Here are some common issues and their solutions:

Connection Refused

If you see Connection refused:

1. Check if the SSH service is running:

   bash

   sudo systemctl status ssh

2. Verify firewall settings:

   bash

   sudo ufw status

3. Check if SSH is listening on the expected port:

   bash

   sudo ss -tuln | grep ssh

Permission Denied

If you see Permission denied:

1. Verify you're using the correct username and password/key.
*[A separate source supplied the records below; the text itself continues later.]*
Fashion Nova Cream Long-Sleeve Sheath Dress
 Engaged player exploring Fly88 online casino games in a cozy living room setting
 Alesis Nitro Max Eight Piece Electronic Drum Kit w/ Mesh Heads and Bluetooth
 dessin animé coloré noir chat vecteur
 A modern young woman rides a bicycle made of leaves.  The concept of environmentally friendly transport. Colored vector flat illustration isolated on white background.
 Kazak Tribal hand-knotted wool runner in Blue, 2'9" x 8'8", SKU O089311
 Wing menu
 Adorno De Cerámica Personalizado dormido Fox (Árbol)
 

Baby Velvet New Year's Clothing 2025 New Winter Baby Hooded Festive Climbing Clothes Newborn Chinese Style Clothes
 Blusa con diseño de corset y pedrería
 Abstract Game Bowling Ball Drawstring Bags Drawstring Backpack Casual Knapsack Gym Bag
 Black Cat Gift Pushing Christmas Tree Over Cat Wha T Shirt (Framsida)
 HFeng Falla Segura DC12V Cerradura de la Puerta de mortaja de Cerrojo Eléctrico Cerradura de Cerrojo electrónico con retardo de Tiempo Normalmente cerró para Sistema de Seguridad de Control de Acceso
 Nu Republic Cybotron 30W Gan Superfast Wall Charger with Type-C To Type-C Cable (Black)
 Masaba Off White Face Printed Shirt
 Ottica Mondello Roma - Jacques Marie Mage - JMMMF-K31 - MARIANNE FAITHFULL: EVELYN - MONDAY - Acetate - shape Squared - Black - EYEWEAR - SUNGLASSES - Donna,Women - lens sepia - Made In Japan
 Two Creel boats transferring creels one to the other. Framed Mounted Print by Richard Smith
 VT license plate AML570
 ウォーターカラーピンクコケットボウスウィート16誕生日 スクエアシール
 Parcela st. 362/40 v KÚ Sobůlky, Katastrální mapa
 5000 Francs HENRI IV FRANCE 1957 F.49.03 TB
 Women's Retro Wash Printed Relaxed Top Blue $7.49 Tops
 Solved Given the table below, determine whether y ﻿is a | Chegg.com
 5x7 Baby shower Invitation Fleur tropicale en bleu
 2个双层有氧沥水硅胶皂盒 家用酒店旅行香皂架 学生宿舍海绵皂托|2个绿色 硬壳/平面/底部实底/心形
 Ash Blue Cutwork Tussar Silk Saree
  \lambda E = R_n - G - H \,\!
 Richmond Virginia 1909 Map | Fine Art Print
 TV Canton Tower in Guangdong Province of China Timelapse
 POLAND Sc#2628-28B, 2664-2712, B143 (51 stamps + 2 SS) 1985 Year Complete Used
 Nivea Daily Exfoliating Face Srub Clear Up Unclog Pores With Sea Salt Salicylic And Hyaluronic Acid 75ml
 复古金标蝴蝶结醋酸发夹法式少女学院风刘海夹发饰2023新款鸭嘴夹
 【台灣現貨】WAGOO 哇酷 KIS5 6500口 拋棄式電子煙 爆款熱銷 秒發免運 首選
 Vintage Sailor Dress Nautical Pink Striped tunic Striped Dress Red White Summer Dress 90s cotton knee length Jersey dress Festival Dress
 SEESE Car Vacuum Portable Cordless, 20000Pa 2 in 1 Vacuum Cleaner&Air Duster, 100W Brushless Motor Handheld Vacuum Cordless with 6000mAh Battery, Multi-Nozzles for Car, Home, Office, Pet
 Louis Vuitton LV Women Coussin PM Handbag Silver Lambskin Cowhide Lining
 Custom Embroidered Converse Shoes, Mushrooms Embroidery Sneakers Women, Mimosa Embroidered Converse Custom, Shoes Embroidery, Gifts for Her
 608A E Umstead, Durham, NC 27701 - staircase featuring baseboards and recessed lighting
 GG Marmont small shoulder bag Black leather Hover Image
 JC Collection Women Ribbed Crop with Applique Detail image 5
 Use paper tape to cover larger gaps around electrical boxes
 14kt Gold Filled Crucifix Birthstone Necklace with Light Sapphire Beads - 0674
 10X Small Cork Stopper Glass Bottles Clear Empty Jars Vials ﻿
2. Check the permissions on your key files:

   bash

   chmod 700 ~/.ssh
   chmod 600 ~/.ssh/id_ed25519
   chmod 600 ~/.ssh/config

3. Check the server logs:

   bash

   sudo tail -f /var/log/auth.log

Slow SSH Connection

If SSH connections are slow to establish:

1. Add the following to your client's ~/.ssh/config:

   Host *
       GSSAPIAuthentication no
       AddressFamily inet

2. Avoid DNS lookups in the server by adding this to /etc/ssh/sshd_config:

   UseDNS no

Debugging Connection Issues

Use verbose mode for troubleshooting:

bash

ssh -vvv username@server_ip

This provides detailed information about the connection process.

Summary

SSH is a powerful tool for secure remote access and management of Debian systems. In this guide, we've covered:

• Installing and configuring the SSH server
• Setting up key-based authentication
• Securing your SSH server with best practices
• Using SSH tunneling for secure network access
• Transferring files with SCP and SFTP
• Troubleshooting common SSH issues

By implementing these practices, you can ensure that your remote connections are secure, efficient, and well-managed.

Additional Resources

• OpenSSH Documentation
• Debian Wiki: SSH
• SSH Academy

Exercises

1. Install the SSH server on your Debian system and connect to it from another machine.
2. Generate SSH keys and set up key-based authentication.
3. Modify the SSH server configuration to use a non-standard port and disable root login.
4. Create a custom SSH client configuration for connecting to multiple servers.
5. Set up a local port forwarding to access a web server running on a remote machine.
6. Configure Fail2Ban to protect your SSH server from brute force attacks.
7. Use SFTP to transfer files between your local machine and the server.
8. Set up SSH access for a specific group of users only.